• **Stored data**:
*** Block opens ***
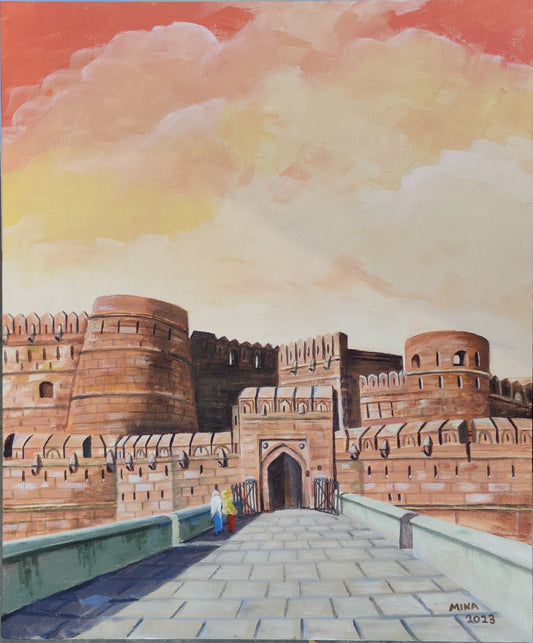 Sunset Walk – Agra Fort, acrylic painting by MINA showing the historic red sandstone Agra Fort in India under a warm sunset sky, with a pathway leading toward the entrance.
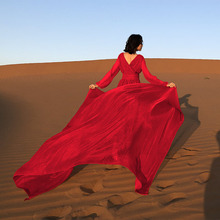 夏季旅行女装摩洛哥旅游度假民族风旅行穿搭复古显瘦沙漠长裙F556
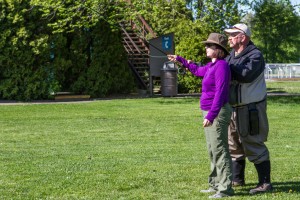 Brad Hodkinson teaches Amy Moore proper fly fishing technique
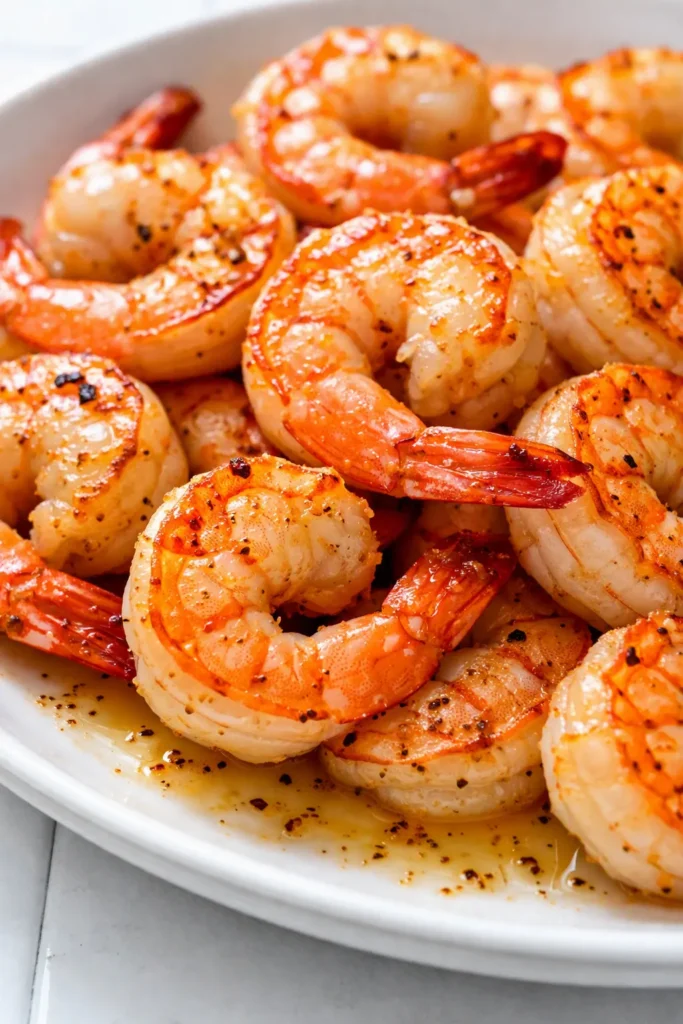 Crispy air fryer garlic parmesan shrimp with golden brown crust, juicy interior, and parsley garnish on a white plate.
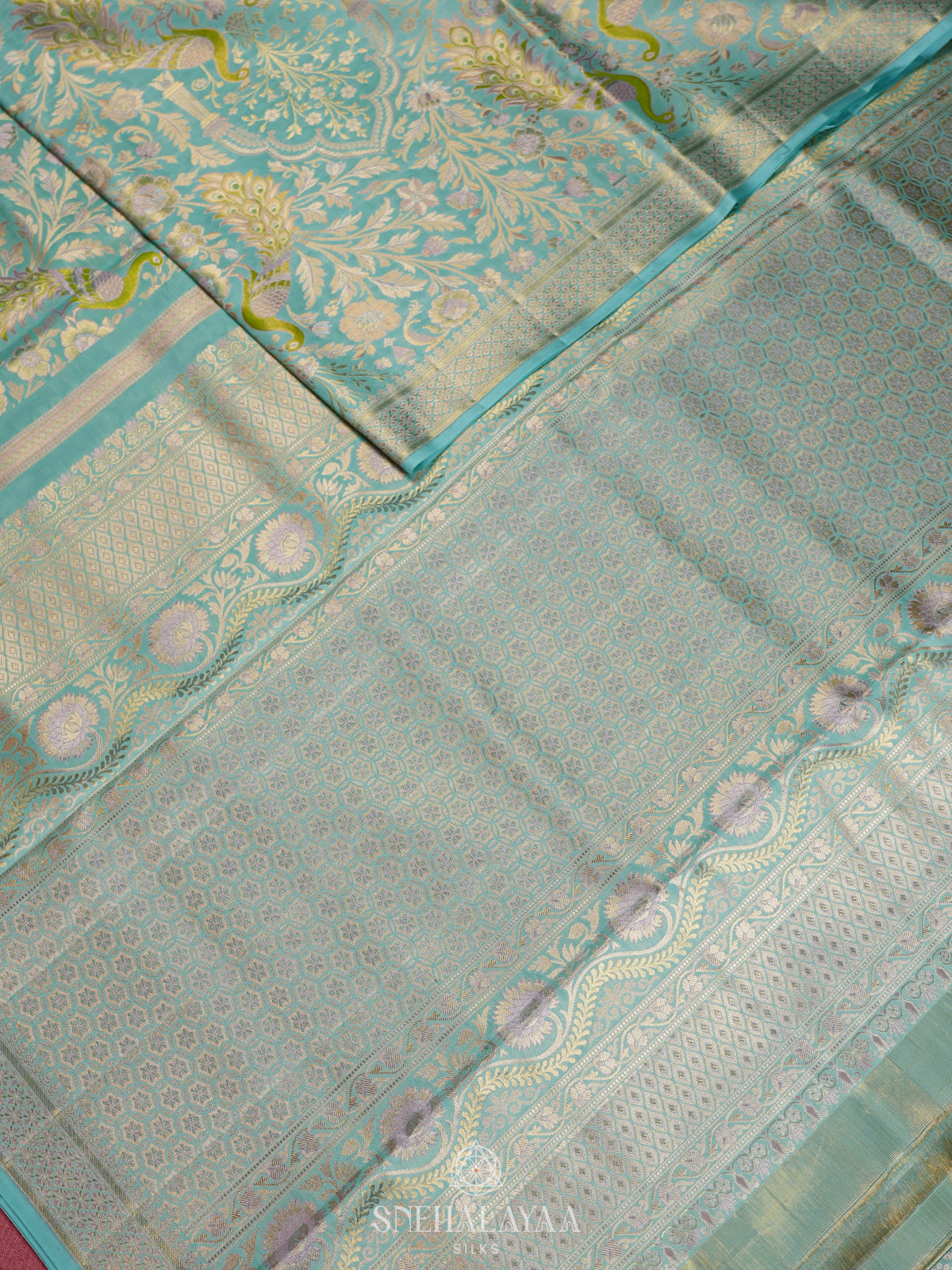 Mint Green Kanjivaram Silk Saree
*** Block closes ***
• **WHAT YOU ARE ASKED TO DO**:
With the pictures left out, transcribe exactly the lines from the line holding "夏季旅行女装摩洛哥旅游度假民族风旅行穿搭复古显瘦沙漠长裙F556" through the closing line of the entries.

• **SOLUTION FOR THIS TASK**:
 夏季旅行女装摩洛哥旅游度假民族风旅行穿搭复古显瘦沙漠长裙F556
 Brad Hodkinson teaches Amy Moore proper fly fishing technique
 Crispy air fryer garlic parmesan shrimp with golden brown crust, juicy interior, and parsley garnish on a white plate.
 Mint Green Kanjivaram Silk Saree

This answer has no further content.